Once a line is found to contain "baby", copy it out of the listing.
Provided information section start
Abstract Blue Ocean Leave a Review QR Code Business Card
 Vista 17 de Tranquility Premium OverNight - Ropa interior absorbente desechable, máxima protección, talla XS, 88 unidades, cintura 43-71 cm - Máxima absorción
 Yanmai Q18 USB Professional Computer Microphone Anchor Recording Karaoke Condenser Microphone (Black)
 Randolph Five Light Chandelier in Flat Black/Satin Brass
Provided information section end
Provided information section start
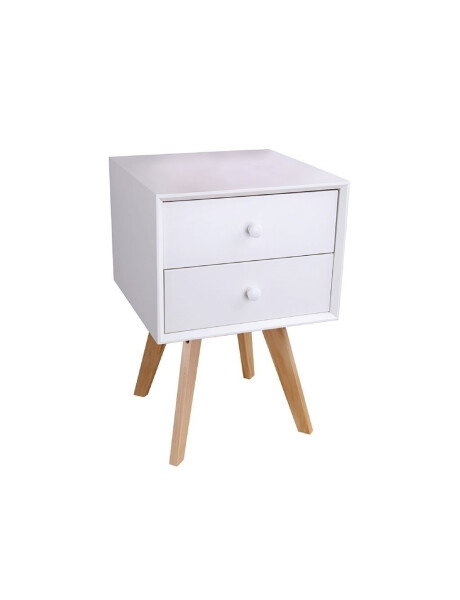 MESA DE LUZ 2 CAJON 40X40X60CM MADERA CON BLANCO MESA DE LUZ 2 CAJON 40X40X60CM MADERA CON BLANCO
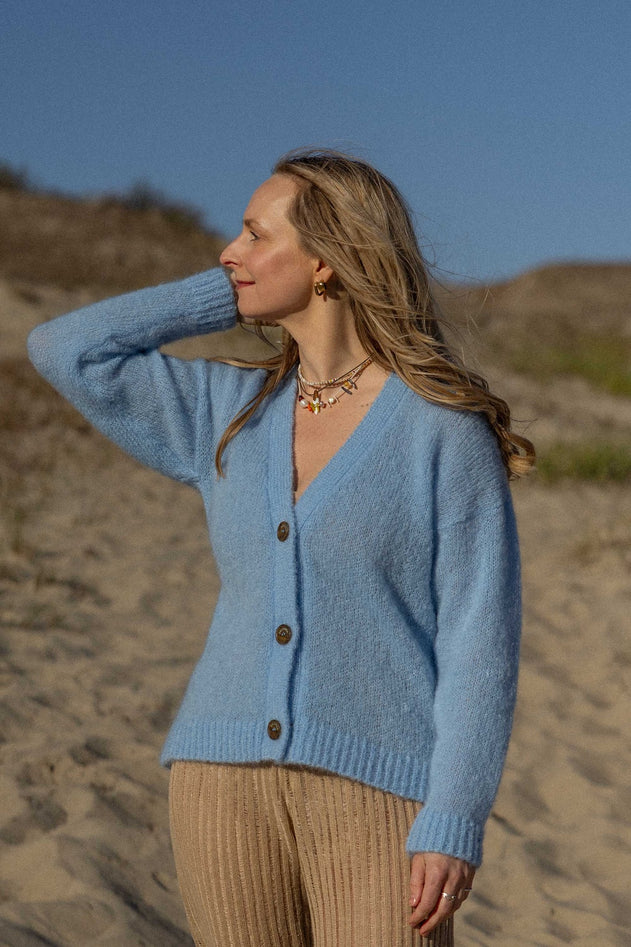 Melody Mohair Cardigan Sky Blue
Provided information section end
Provided information section start
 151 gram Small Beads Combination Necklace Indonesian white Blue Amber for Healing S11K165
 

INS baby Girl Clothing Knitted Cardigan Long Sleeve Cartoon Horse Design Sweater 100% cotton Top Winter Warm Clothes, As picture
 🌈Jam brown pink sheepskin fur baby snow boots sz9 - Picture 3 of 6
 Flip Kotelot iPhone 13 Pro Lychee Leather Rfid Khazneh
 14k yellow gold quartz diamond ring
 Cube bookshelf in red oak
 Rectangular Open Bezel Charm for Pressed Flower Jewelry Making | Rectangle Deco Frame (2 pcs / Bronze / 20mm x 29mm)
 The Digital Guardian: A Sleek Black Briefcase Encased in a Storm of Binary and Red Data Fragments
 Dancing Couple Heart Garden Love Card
Provided information section end
Answer to this exercise —
INS baby Girl Clothing Knitted Cardigan Long Sleeve Cartoon Horse Design Sweater 100% cotton Top Winter Warm Clothes, As picture
 🌈Jam brown pink sheepskin fur baby snow boots sz9 - Picture 3 of 6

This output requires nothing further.